Talking About the Purple Pegasus in the Room

July 30, 2008 · Print This Article

Dear Eve,

The Halloween costume catalog arrived several days ago, and of course my two young sons began to go through it the moment I brought it into the house. My youngest predictably chose something from the Star Wars page, but my oldest son surprised my wife and me when he chose “Sparkles, the Purple Pegasus” as his coveted costume. Eve, I want to believe I am a tolerant man, but I just don’t know what to do here! Can I send my 5 year old son off to Kindergarten as “Sparkles?” What will people think? Hell, I don’t even know what I think! Is my boy gay? I’m trying not to act freaked out but I am freaked out!

Thank you, Struggling to be Progressive

Dear Positively Regressive,

Now, now…there is no need to send off your membership card to PFLAG just yet, my friend. I am going to say something that might shock you, and all you parents and would-be parents alike out there…you ready?

How your child plays has nothing to do with their future sexual orientation.

Boys will be girls and girls will be boys, it’s a mixed up, muddled up, shook up…well, you get my point. Sometimes little brothers get put in makeup and dresses and sometimes little sisters get really good at football. This does not a homosexual make, kids.

I think what you really need to do is turn your attention to yourself for a minute. What is it you are so worried about? I would be willing to bet that if this was a daughter wanting to dress like something masculine you would find the whole thing cute, instead of frightening. So the question I pose to you is this: are you uncomfortable seeing your little man “feminizing” himself? Because your five year old is most likely doing nothing of the sort.
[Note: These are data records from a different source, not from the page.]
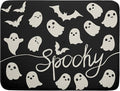Halloween Dish Drying Mat for Kitchen Counter 18x24 Cute Ghost Black Spooky Holiday Scary Theme Absorbent Reversible Microfiber Drying Mats Kitchen Countertop Protector Dishes Drainer Pad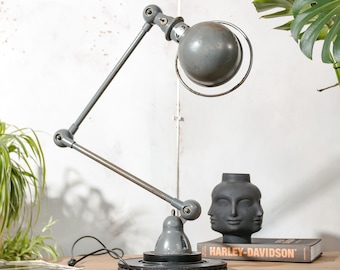 Jieldé Desk Lamp 2 Arm 1950s, French Factory Style Articulating Jielde Table light, Gray Industrial office Lighting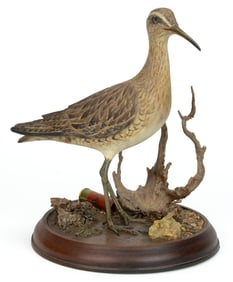 GEOFFREY AND JOANIE SKEETE (BARBADOS, XX / XIX) CARVED AND PAINTED ESKIMO CURLEW SHOREBIRD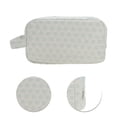 thumbnail image 4 of Unique Bargains 1 Pc Fashionable Rectangle Dots Makeup Bag for Travel Large White Blue Polyester, 4 of 6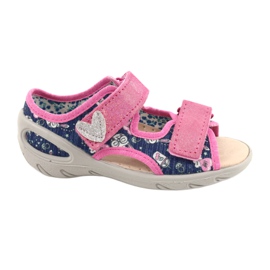 Sapatos infantis Befado pu 065X151 azul marinho rosa prata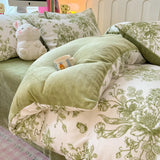 New high-weight, fresh and light milk fleece printed quilt cover Thickened warm Duvet cover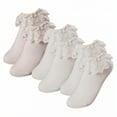 thumbnail image 1 of TELOLY 3Pairs Kids Socks,Sweat Absorbent & Odorless Ruffle Socks,Spring Season Lace Socks,Combination4, 1 of 1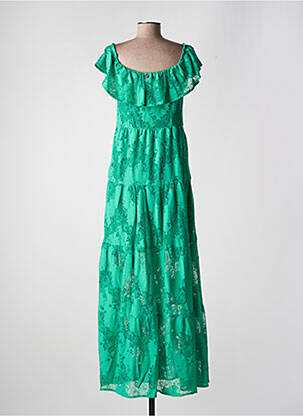 Robe longue manches courtes manches courtes vert LIU JO femme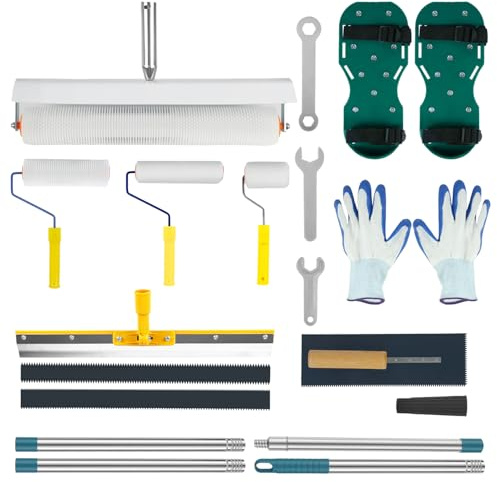 Kit de Herramientas de Autonivelación de Cemento, Kit con Rodillo de Púas, Rodillo Pintura, Zapatos con Pinchos para Cesped, Rascador de Acero Inoxidable, Palo Telescopico, Paleta, Guantes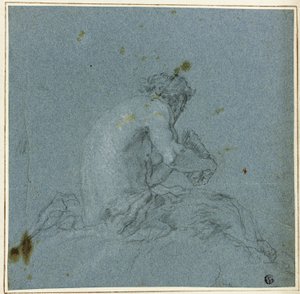 Een Sater die Zijn Fluit Speelt door Giovanni Domenico Tiepolo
He saw a bad-ass shiny purple horse with wings costume and wanted it, simple as that. It doesn’t make him gay, feminine, transsexual, transgendered or anything of the sort. It makes him a child who doesn’t see things as “girl” or “boy”…and I think that is pretty damn bad-ass.

Look, this is only a big deal if YOU make it one. Shaming your child is never the answer. So it would be wrong to tease him and tell him that the costume is “girlie” or” “gay” or “lame” or any of the other adjectives I am sure you already have floating around your head. Love him and support him…that is your job.

All that said, you might not want to send him to Elementary school in the pastel and spangled get-up, and you definitely don’t want to send him in without ample warning. Simply sit him down and explain that sparkly, purple Pegasus costumes might be more appropriate “at home” wear…and he should perhaps pick a less restrictive and more traditional costume for school. What kid is going to be bummed about getting not one, but two Halloween costumes? If he DOES persist or question you, perhaps explain that some people might be uncomfortable with a boy is a shiny, purple, wing-ed outfit, but this is due to something wrong with THEM, not him. So rather than be stared at or laughed at, he might want to keep Sparkles at home, in the stable. Trust me, when he is older he is going to appreciate your gentle but efficient protecting of his fragile childhood ego. We all know that kids are cruel.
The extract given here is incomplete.